La giurisprudenza ritiene che la formulazione letterale dell’art 570 bis c.p., che distingue tra i figli nati da genitori conviventi rispetto a quelli nati in costanza di matrimonio, si pone in antitesi con la piena equiparazione dei figli realizzata nell’ambito del diritto civile. Gli obblighi dei genitori che derivano dalla filiazione non subiscono modifiche a seconda che sia intervenuto o meno il matrimonio. Ciò anche in conformità con quanto previsto al’art. 30 comma 3 della Costituzione.
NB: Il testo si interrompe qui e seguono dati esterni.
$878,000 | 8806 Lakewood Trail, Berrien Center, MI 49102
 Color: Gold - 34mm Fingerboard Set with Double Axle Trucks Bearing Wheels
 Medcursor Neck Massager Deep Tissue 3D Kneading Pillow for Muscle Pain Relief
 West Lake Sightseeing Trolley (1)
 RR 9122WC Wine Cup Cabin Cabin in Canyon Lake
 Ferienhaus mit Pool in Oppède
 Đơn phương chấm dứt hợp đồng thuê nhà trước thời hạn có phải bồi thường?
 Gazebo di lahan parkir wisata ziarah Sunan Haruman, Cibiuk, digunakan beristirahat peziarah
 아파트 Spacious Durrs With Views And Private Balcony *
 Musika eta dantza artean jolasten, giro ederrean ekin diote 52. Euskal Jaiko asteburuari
La Suprema Corte conferma quindi che l’unica interpretazione dell’art. 570 conforme e costituzionalmente orientata è quella che porta ad applicare l’art 570 bis anche riguardo ai figli nati fuori dal matrimonio.

Ricordiamo in questa sede che la pena prevista è la reclusione fino ad un anno o la multa da € 103 a € 1.032.